Should I pop the heads off and do ls7 lifters and new trays and pushrods or leave all that alone?

And I should be able to just do the cam without pulling the engine right? just radiator and fan, water pump etc.?

Thanks for all the info I really appreciate it.
 

Doc Olds

Well-Known Member
Messages
135
Location
Boat Town MI
Ok, it sounds like I should just do the cam you suggested and be done with it for awhile.

Should I pop the heads off and do ls7 lifters and new trays and pushrods or leave all that alone?

And I should be able to just do the cam without pulling the engine right? just radiator and fan, water pump etc.?

Thanks for all the info I really appreciate it.

You do not need too pull the intake manifold or heads as you just upgrade the springs to LS6 springs. They can easily withstand .550 lift and the small increase in durations. They should last as long as the OEM springs do with the OEM cam. When you get aggressive with cam lift then spring become a maintenance item and may need to be replaced every 30-50K miles.
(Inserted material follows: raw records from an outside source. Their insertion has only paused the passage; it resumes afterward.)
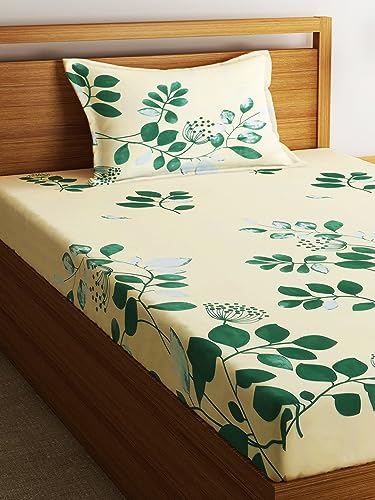 Image of Home Sizzler 144TC Nature Embrace Lush Green Double Bedsheet with 1 Pillow Cover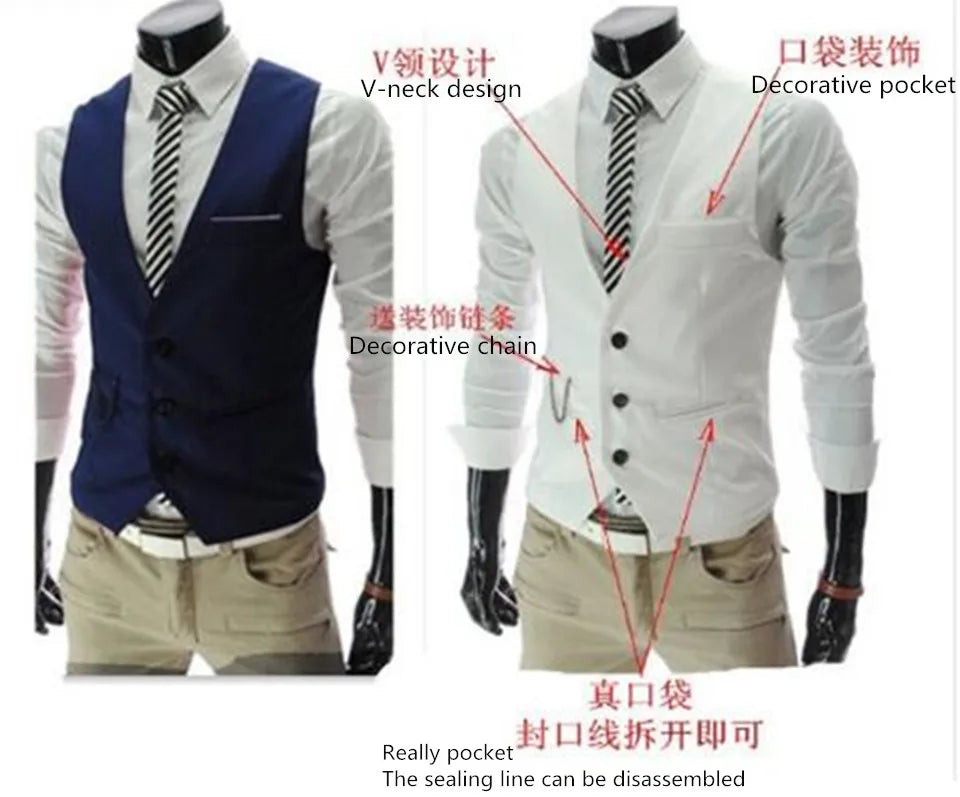 New Arrival Dress Vests For Men Vest Slim Fit Mens Suit Vest Male Waistcoat Gilet Homme Casual Sleeveless Formal Business Jacket Good Vibrations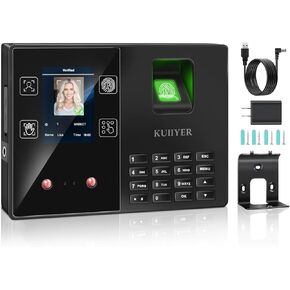 KUIIYER 4 in 1 Time Clocks for Employees Small Business (Face + Fingerprint + Palm Print + PIN) Employee Clock in & Out Machine Attendance Punch Clock Recorder Tracker for Small Businesses & Offices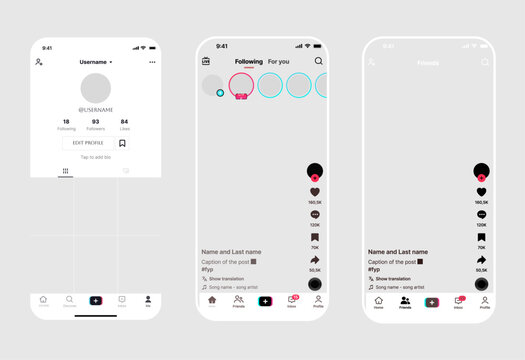TikTok mockup template with mobile screen layout and TikTok logos on transparent background for short-form content presentation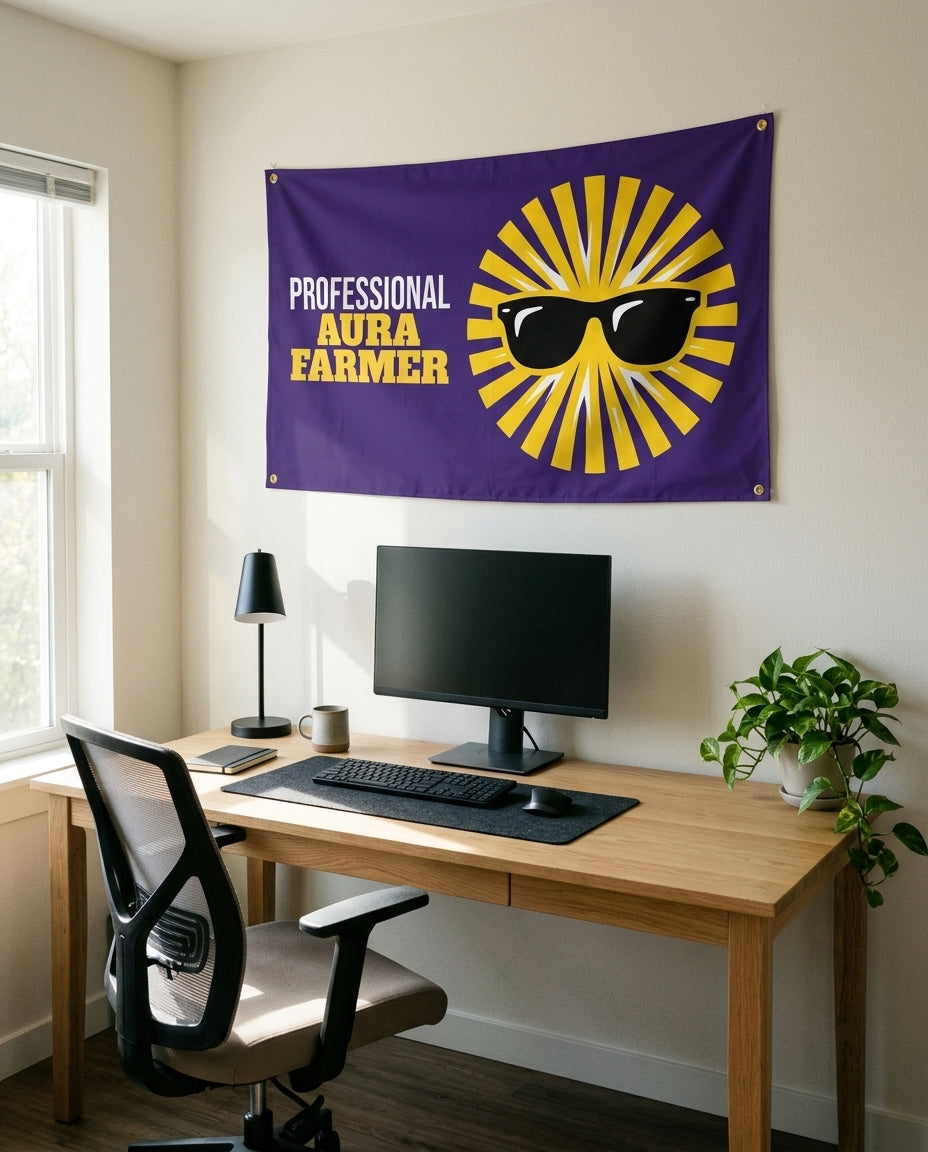 Professional Aura Farmer 3x5 flag on a home office wall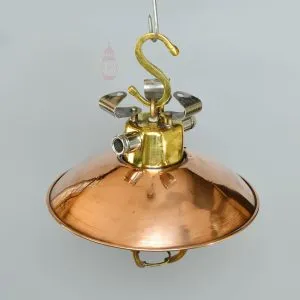 - SL 11856 3 Authentic Brass Cargo Light with Copper Shade – Vintage 3-Angle Nautical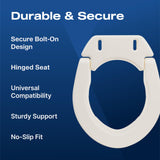 VMS Deluxe Bolt-On Hinged Raised Toilet Seat - Available in Elongated & Standard Styles, 300 lbs Weight Capacity (Standard)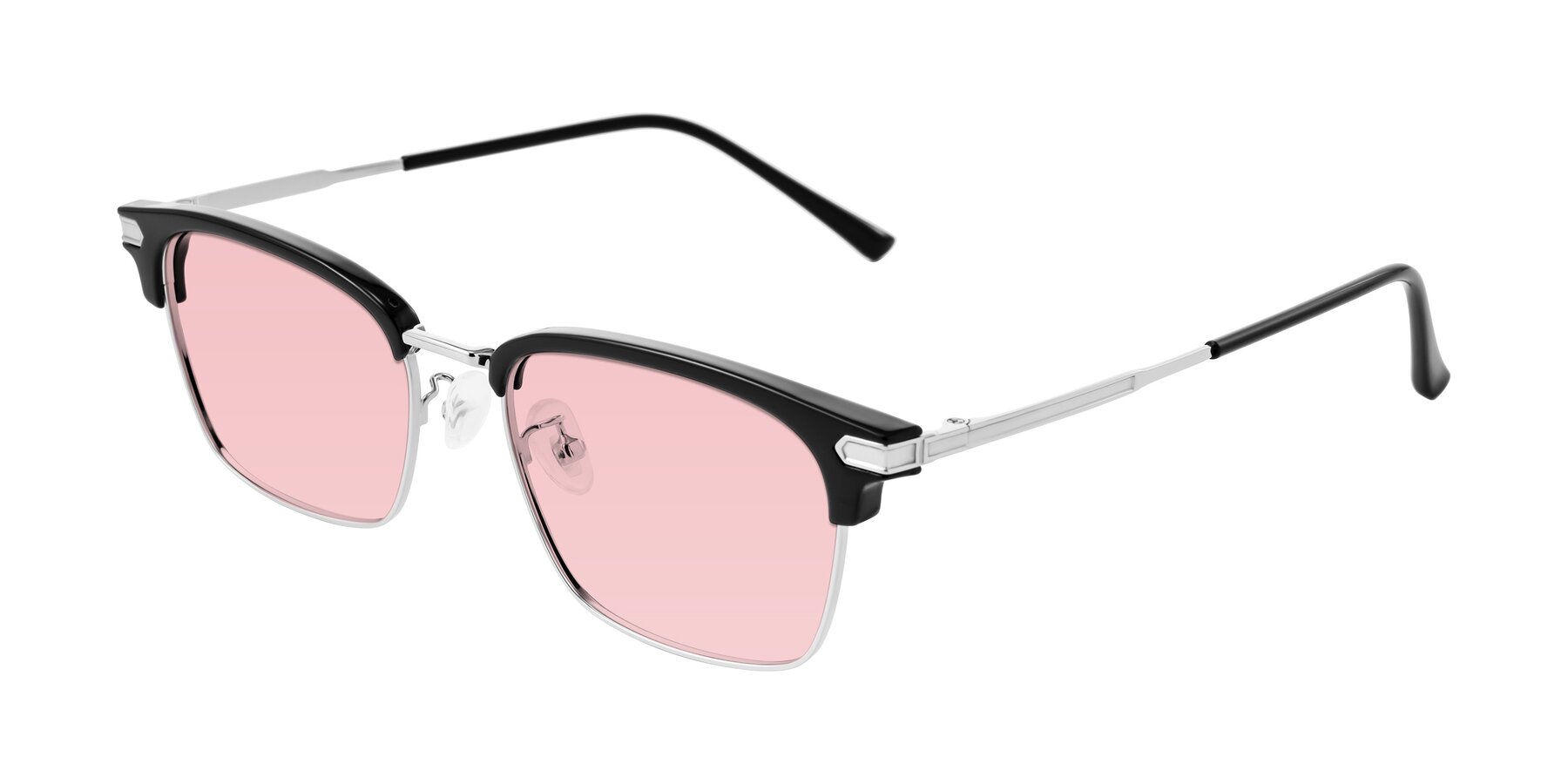 Angle of Adsule in Black/Silver with Light Garnet Tinted Lenses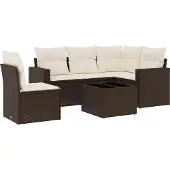 vidaXL 6-delige Loungeset met kussens poly rattan bruin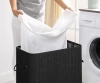 Schwarzer Wäschekorb | Bambus Spielzeugkiste | Holzwäschekorb | Zweifach Wäschekorb für das Badezimmer | RYL-100L-BLACK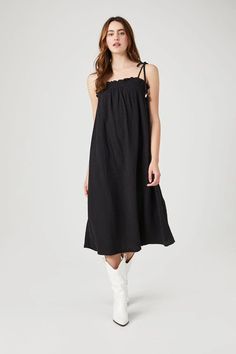 Tie-Strap Shift Midi Dress Dress With Tie Straps, Denim Midi Dress, Midi Shift Dress, Dress With Tie, Woven Dress, Tie Dress, Womens Midi Dresses, Straight Cut, Lettuce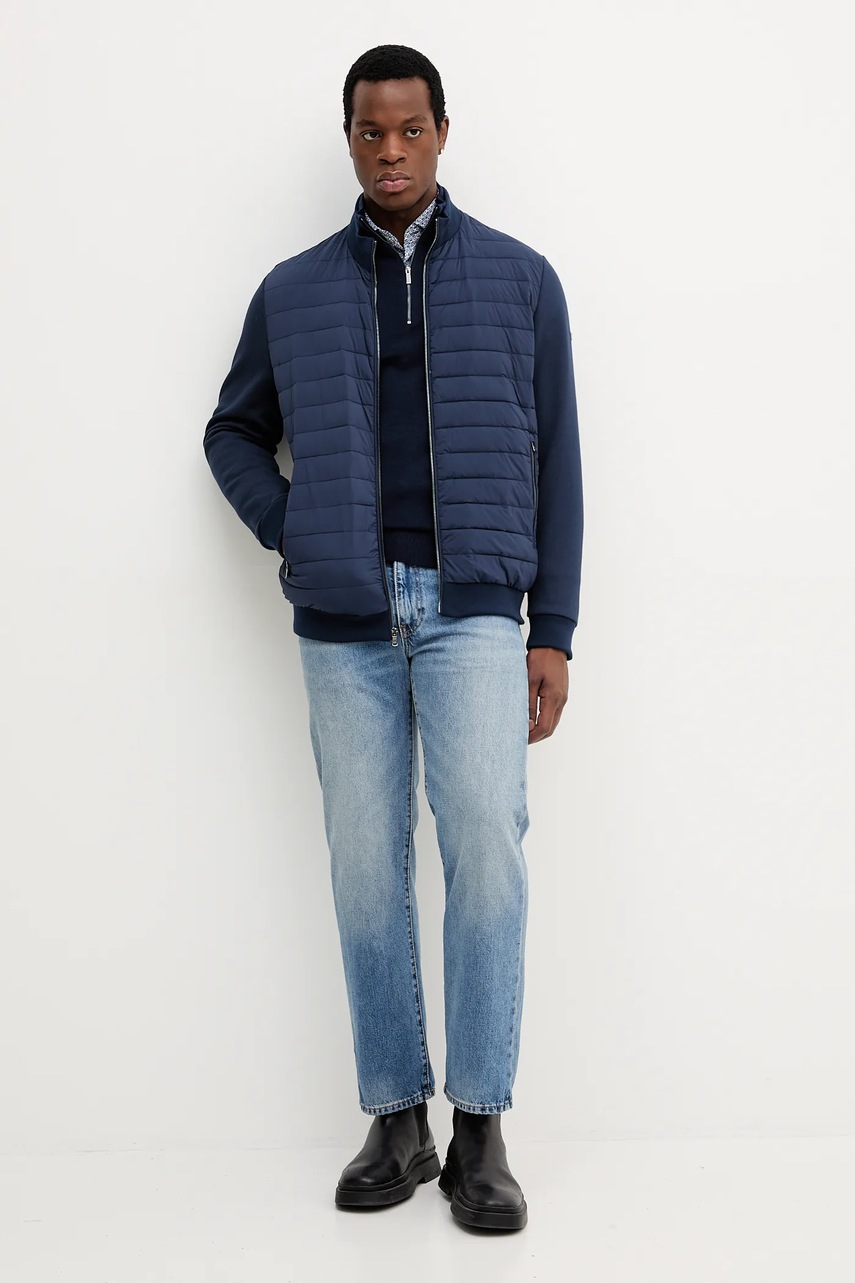 Шерстяной свитер Michael Kors цвет синий лёгкий с полугольфом CR1601Z7AP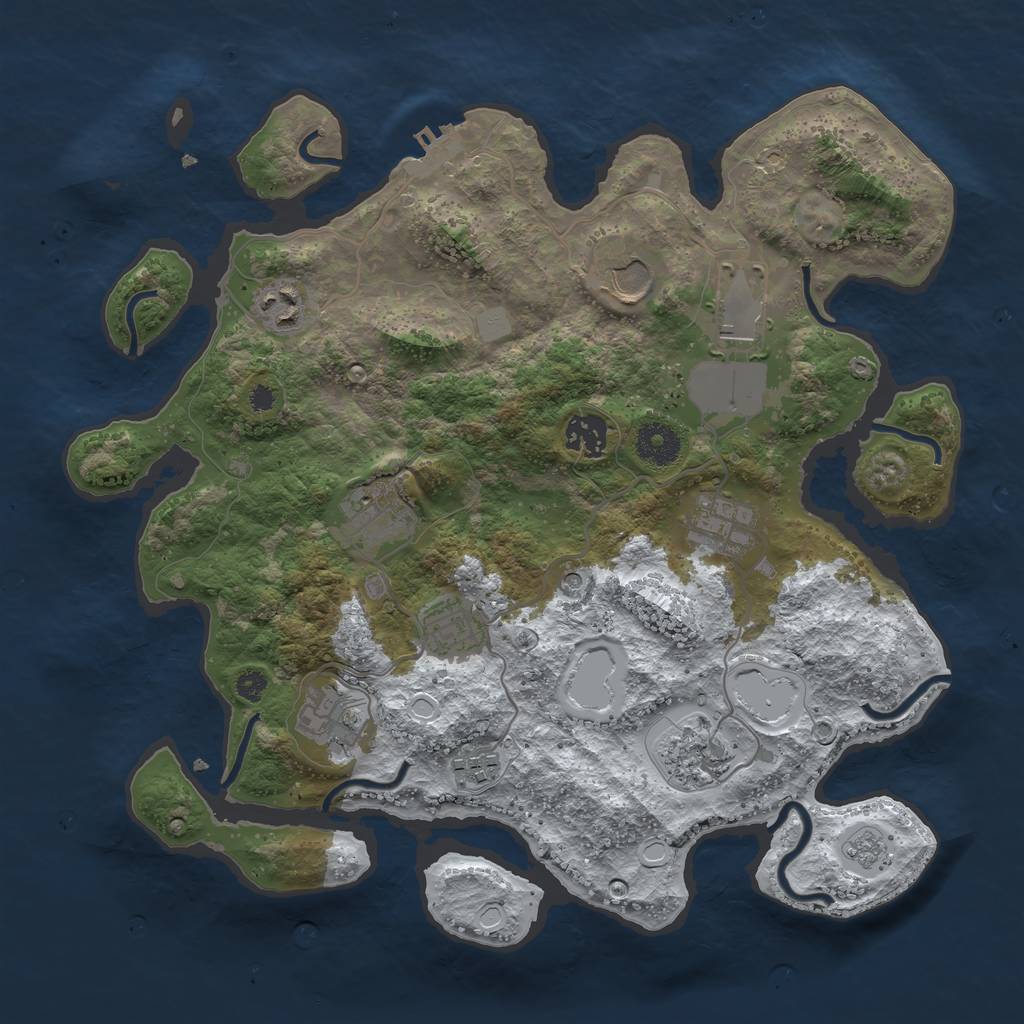 Rust Map: Procedural Map, Size: 3500, Seed: 3344, 18 Monuments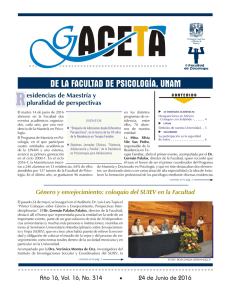 Gaceta de la Facultad de Psicología, UNAM, Año 16, Vol. 16, No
Yep, engine stays in the truck...
 

Doc Olds

Well-Known Member
Messages
135
Location
Boat Town MI
I'd be curious what HD performance parts you're going with. I try to keep info like this handy in the event I should need a transmission rebuild.
I have not 100% dialed that in yet, but for sure I will be using the Beast SunShell as they do not break, not the Sonnax SmartShell Heavy Duty Reaction Shell (which is still an improvement over OEM, but not as good). It will include some Sonnax stuff, just depends on the budget I decide for the project with input from my go to Trans guy.

To include:
Heavy duty wide band for maximum hold in 2nd and 4th gear with the Corvette servo instead of a Sonnax super servo.
For Fourth (OD) the Sonnax Dual Piston servo.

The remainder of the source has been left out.